Life expectancy for married men is much higher.

It’s slightly higher statistically, and the studies that have shown this are (as any life expectancy study must be) based on older cohorts where traditional marriage was more socially valued and non-traditional relationships often were due to correlating factors like education and economic status. Recent studies have also shown that life expectancy for married women is slightly lower than that of single women. All of that is, of course, fraught with complications and caveats and shouldn’t be something you base your life decisions on.

Nah. It’s the same. It just feels longer. She’s right behind me, right?

This thread is weird. It’s like a mix of people saying they like tomatoes and other people who don’t, but then it started with a diatribe about how not liking tomatoes is fine and now statistics about people who eat tomatoes vs those who don’t.

Do what you want, people! And the internet is a place where everyone writes a blog/article about how all their choices are the right choices, but we haven’t yet learned to ignore those people and just let everyone do what they want yet. Apparently.

Time to divorce in the name of min-maxing.

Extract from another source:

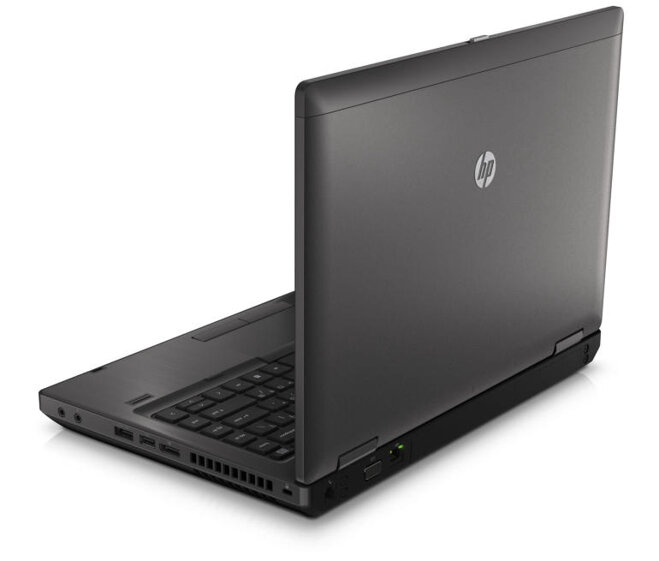 laptop hp probook 6560b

Men who fuck other men’s wives and daughters used to have a low life expectancy, but it’s been a couple of generations now since those stats reversed themselves — in this century, the shotgun wedding and the shallow grave are just memes people post. Cads get all the benefits with none of the financial strain, and no divorce settlements to boot. I recommend it!

But now they get elected president!

I’ve had a mediocre marriage and good marriage, with a lot of single time in between. I’ll take single over mediocre marriage without hesitation, but the good marriage is better than my single years.

I can completely relate to the alone time comments. Thankfully, I get plenty of that still while being married (no kids helps immensely in that department, obviously).